Friday, April 19, 2019

Places Remembered

I've been thinking about setting -- particularly in the wake of the fire at Notre Dame. I was in Paris for the second time a few years ago. That time around I was traveling with my aunt and we were visiting her son and his family. We traveled from the house they had bought in Normandy to Paris. At the time I was looking ahead, scouting out the setting for a future book in my Lizzie Stuart series. I was already planning to send Lizzie and John Quinn to France on their honeymoon.

Lizzie, my history nerd, would walk through Paris with guidebook in hand. How could she not have gone to Notre Dame? Undoubtedly a scene would have happened there. Maybe she would have seen someone or heard something. Maybe had a glimpse of another character I already know will appear in that book.

That book isn't the next in the series, but the one after. I've been debating France, but it is the destination I've always had in mind if Lizzie and Quinn make it to the altar. I've also recently considered Ireland because of Quinn's family ties. But if they should go to Paris, I need to make a choice. The series is in the recent past. The honeymoon would happen during the first week of January 2005. So what about Notre Dame?  How does one handle a setting that has changed in an event that was deeply emotional for many people?

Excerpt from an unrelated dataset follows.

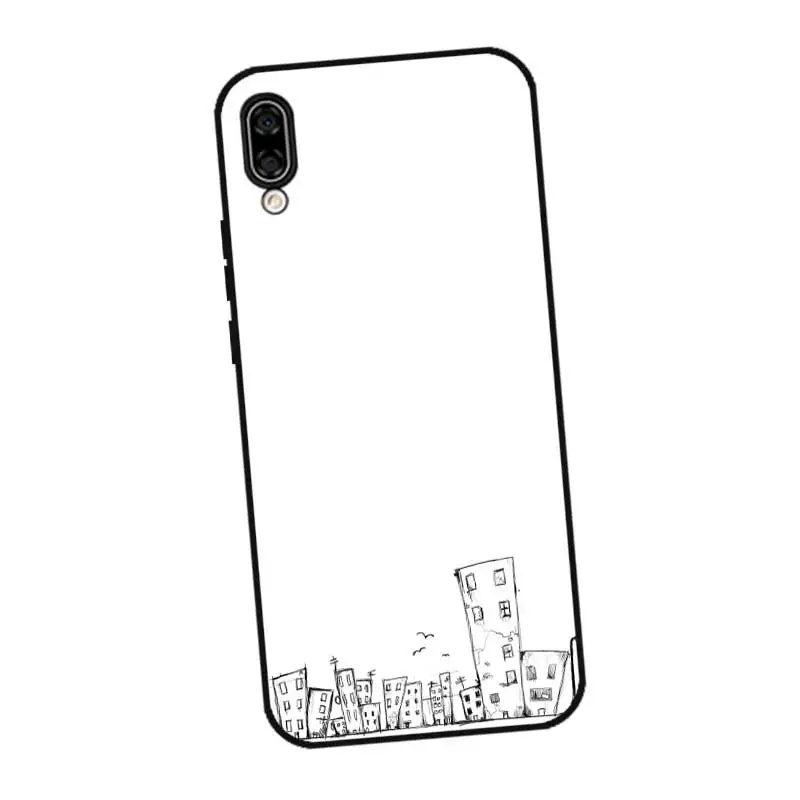 N393 простой мультфильм черный силиконовый чехол для huawei Honor 6A 6C 6X 7C 7X8 Lite Pro |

This gets to the larger question of recovering the past. As my fellow Type-Mers have discussed, setting is important. I, too, spend time in the field, exploring the places where my books and short stories are set. It is disconcerting to discover how much real-life settings change. This is less of an issue writing in the recent past or near future. Enough is there to have a sense of how it once looked or will look in an imagined future. But when the setting has only a marker and the surrounding area has changed, one is left only with photos.

I need to go to the site of the 1939 New York World's Fair. Knowing how little remains from the fair, I haven't rushed to make the pilgrimage. But I will eventually. Standing there, with map and photo book, I hope I will be able to get the "lay of the land".

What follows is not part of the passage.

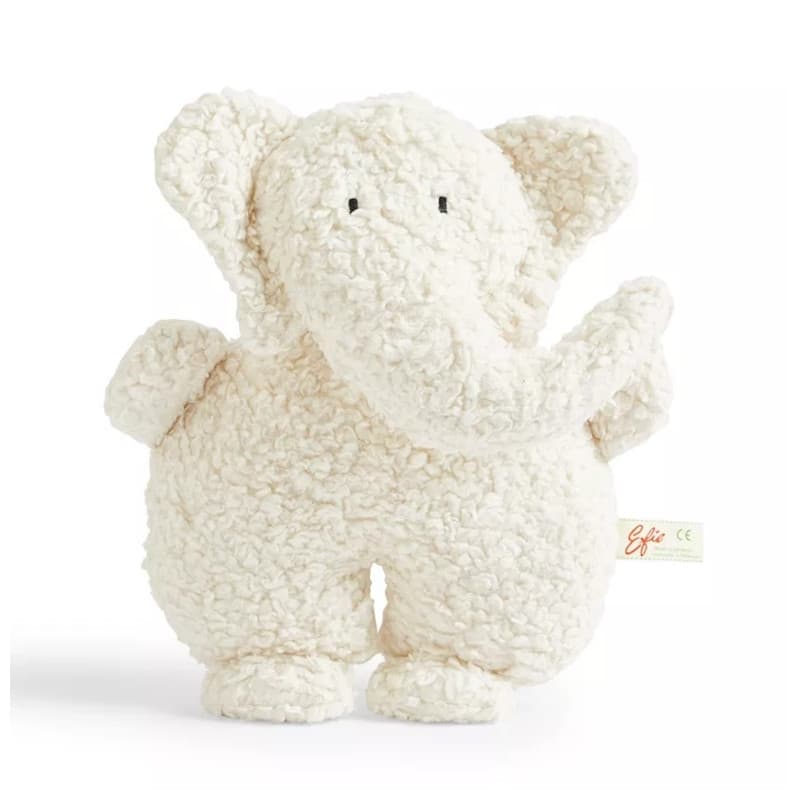 Jouet animaux Petit Eléphant en Peluche Blanc écru 17 cm coton bio E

And if  Lizzie goes to Notre Dame in 2005, I'll need to figure out how to treat the tragedy of the fire with respect while being true to what she would have seen and commented on.


Anonymous said...

Going out on a limb now, because I have felt the embarrassment of suggesting to a well-known author how she might/could/should write the next book, receiving in response a polite blank stare.

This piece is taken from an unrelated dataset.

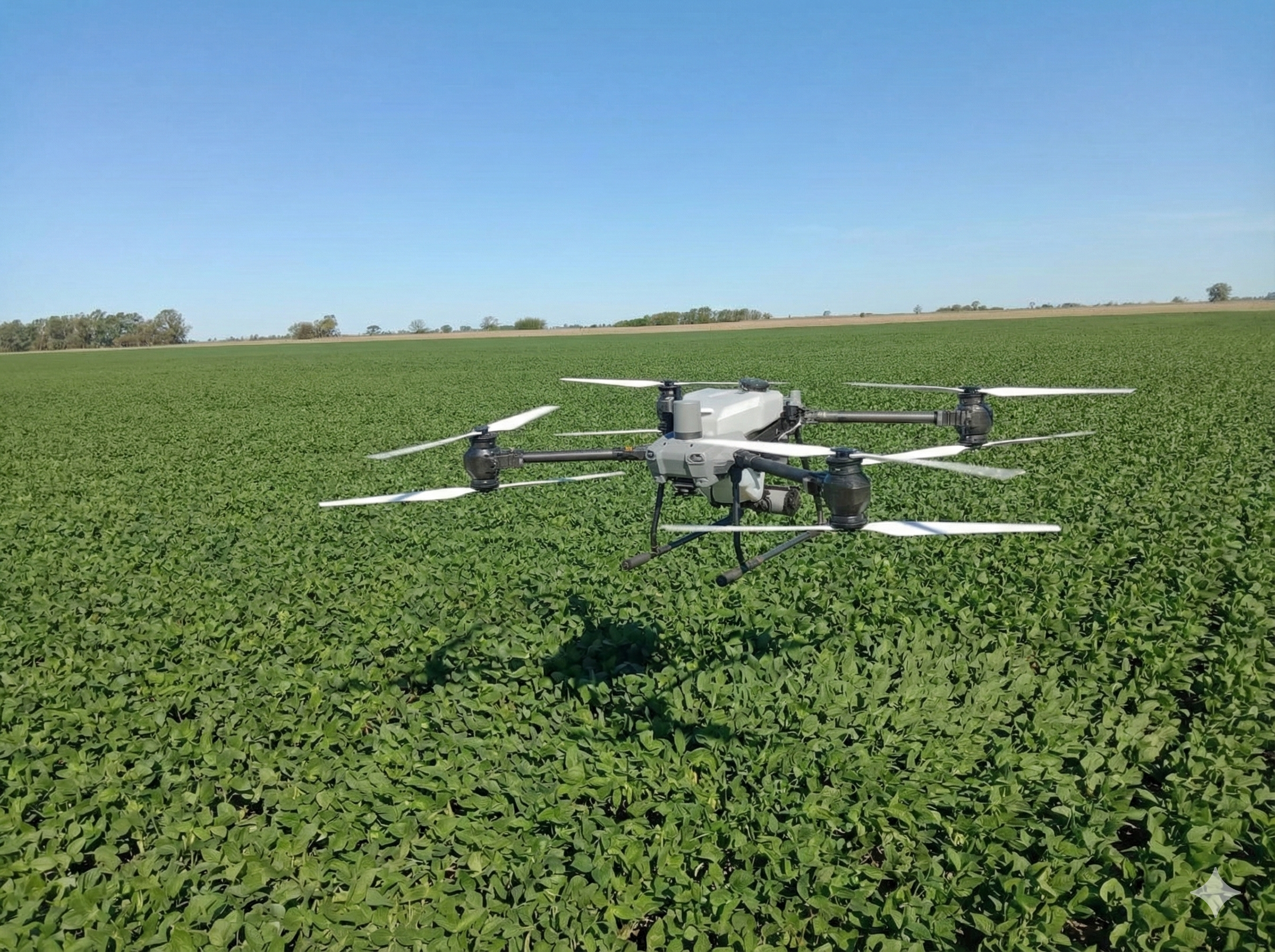 Drone sobre cultivo soja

I would have Lizzie gaze on aspects of the cathedral known to be immune to change at the time of the book (the oldest artifacts, the view from across the river, a glimpse of the gargoyles, the general atmosphere outside and inside, the crowds, individuals who are clearly art history buffs or pious and devout or idle spectators.....and then perhaps reflect on how she will always carry these memories into the rest of her life regardless of what time and change may bring. Maybe a little anticipatory nostalgia here. (At age 8 I said to myself, jumping over a little hill in my side yard, "I'll always remember this." And I always have, even though my little leap was completely ordinary. Surely Lizzie can do this splendidly with such an important event.)

Frankie Y. Bailey said...

Thank you, Anonymous, that's a wonderful suggestion! That approach will allow me to use the setting, but acknowledge the future with the "always remember." And this is certainly in keeping with how Lizzie sees the world.